Ripple Effect

A journal of memories, impressions, ideas and mistakes.

Friday, April 30, 2004

A note from a co-conspirator in the great Kentucky getaway scheme. Arranging for a phone call. She is the person who will vouch for my wellbeing during this so-called innocuous visit. It's all very hush hush. You may recall, this is the trip I made to Louisville, KY to spend the weekend with my fiancee' who was then in the army, and the gyrations we had to go through to fool my parents, his parents, the hotel - you name it. This simply wasn't done it my set in those days. Not openly, anyway. Oh - we were all having sex, or about to have sex, or something like that, but our mothers never knew about it. Not mine, anyway. It simply wasn't done.

Thursday, April 29, 2004

My very first postcard from New York City. I didn't get there until 1996. My college friend Charline. They are staying at the Astor, the "crossroads of the world" in Times Square. The postcard is a nice watercolor of the Astor, "750 air-conditioned guest rooms each with television and radio." "Telephone JUdson 6-3000."

Wednesday, April 28, 2004

November 16, 1962. Letter from mom. I am coming home for the weekend.
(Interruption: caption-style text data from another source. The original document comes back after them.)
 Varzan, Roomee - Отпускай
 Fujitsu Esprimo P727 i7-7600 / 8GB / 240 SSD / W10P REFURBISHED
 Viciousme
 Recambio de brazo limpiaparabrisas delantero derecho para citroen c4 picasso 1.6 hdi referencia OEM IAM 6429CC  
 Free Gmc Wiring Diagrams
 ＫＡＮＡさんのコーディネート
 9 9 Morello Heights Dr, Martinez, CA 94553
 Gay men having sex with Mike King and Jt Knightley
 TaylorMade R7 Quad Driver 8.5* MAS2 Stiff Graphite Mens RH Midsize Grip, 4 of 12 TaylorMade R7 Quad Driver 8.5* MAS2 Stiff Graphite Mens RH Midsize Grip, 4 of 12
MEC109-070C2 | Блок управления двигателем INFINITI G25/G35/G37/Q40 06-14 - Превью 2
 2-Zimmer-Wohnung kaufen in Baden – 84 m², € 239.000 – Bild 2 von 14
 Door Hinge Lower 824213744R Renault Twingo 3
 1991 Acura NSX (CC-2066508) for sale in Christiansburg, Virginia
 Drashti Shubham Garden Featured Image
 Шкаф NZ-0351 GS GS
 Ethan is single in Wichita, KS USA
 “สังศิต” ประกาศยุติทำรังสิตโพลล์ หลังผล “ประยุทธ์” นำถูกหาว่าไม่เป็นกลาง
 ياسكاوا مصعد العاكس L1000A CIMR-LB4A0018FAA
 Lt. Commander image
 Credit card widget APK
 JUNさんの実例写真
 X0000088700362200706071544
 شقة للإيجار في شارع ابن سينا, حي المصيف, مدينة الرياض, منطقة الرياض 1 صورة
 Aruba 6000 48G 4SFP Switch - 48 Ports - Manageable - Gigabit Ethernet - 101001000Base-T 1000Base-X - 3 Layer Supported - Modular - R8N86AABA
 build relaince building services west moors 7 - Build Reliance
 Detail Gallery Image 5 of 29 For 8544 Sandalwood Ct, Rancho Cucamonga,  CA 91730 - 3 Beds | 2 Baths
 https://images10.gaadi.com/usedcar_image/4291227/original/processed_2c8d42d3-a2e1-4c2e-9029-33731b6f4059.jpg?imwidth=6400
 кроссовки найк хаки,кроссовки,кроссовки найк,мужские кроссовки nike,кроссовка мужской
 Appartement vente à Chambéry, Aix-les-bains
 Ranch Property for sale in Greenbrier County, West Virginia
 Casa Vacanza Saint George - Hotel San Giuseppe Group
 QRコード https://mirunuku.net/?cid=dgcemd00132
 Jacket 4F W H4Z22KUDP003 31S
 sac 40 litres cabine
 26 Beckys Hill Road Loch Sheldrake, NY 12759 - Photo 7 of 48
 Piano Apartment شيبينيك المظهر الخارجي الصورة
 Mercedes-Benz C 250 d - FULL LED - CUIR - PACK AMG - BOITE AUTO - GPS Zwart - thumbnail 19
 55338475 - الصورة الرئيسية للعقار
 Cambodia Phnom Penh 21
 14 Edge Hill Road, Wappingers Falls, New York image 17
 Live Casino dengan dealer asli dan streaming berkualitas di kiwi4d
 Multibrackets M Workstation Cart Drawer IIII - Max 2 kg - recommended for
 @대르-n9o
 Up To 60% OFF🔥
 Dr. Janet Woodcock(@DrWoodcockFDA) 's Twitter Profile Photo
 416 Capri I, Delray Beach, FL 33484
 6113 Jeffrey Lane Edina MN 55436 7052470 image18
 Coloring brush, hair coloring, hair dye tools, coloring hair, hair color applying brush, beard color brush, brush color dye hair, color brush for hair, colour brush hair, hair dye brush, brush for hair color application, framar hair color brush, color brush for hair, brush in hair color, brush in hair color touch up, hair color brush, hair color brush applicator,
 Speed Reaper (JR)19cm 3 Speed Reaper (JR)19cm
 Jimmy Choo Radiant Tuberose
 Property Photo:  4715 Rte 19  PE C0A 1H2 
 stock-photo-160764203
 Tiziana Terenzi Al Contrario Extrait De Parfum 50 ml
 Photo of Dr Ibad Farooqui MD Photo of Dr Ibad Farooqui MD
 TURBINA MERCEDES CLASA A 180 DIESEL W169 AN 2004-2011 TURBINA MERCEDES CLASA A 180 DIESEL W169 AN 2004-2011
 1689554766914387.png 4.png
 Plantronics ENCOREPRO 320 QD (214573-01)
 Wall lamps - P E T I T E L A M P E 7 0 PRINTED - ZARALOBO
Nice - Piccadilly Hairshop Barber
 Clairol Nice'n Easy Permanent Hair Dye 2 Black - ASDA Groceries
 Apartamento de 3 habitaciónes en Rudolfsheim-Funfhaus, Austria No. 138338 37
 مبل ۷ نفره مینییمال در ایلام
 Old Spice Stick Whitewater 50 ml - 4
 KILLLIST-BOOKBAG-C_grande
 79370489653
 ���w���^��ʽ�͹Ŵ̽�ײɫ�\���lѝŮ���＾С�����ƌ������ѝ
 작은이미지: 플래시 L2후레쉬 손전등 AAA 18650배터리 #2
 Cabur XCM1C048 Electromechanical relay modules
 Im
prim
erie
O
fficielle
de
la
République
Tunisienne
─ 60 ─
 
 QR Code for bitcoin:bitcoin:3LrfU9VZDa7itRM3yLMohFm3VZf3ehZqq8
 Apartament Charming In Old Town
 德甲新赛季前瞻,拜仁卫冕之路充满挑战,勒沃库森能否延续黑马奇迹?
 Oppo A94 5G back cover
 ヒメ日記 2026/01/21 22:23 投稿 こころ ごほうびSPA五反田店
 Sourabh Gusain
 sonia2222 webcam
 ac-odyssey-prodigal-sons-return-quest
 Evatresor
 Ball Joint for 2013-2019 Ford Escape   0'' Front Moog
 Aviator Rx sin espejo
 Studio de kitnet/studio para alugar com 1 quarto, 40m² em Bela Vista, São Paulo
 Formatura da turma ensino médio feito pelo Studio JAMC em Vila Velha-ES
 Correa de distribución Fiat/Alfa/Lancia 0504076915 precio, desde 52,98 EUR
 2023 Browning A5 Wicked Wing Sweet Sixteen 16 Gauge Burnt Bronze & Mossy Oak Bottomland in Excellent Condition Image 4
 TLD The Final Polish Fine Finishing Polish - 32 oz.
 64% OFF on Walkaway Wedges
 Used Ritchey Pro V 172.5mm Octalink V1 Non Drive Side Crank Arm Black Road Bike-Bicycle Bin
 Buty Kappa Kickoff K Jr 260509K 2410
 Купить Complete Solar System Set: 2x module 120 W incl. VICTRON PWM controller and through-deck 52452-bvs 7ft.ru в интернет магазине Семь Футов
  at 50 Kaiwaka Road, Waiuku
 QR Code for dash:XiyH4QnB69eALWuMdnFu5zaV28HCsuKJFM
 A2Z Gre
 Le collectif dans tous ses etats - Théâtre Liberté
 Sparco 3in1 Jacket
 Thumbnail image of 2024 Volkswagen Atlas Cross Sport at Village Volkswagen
She says don't bring laundry - she won't have time to do it (like I couldn't? probably not) and to bring her pie carrier. I must have taken one of mom's pies off to college with me.

I started a poem years and years ago which began:

I don't remember my mother
When she was there.
I don't remember how she wore her hair.

I have pictures, but I have no real memories. No scents. No sounds. No pictures in my head. Just stories. Just myths.

Tuesday, April 27, 2004

Another letter from mom. February 3, 1963. My grandparents and aunt (mom's parents and sister) have been to visit. My grandmother left some pillow cases she embroidered for my birthday. She told mom they were for my hope chest. I loved my grandmother so much. I know I dashed her hopes. I wish I still had the pillow cases. I wish I knew where they were. Petty regrets. My life has been long and full and interesting, and the only real regrets I have are these petty ones. Those and the alternate lives I sometimes miss, but would not miss what I have in fact had. Make sense? I didn't think so.

Mother chides me for forgetting my social security card when applying for a job, saying the fact that I didn't have it with me is a bad sign to a future employer right there. I think I regarded such minor details as social security cards as some sort of right wing anti-intellectual sub-plot that had nothing to do with my real life. I never actually wanted a job.

Birdwatching again this weekend. Snipe. I remember girl scout camps, where we would take newcomers on nightly snipe hunts. The kicker was that there were no such things as snipe. Yes, actually, there are.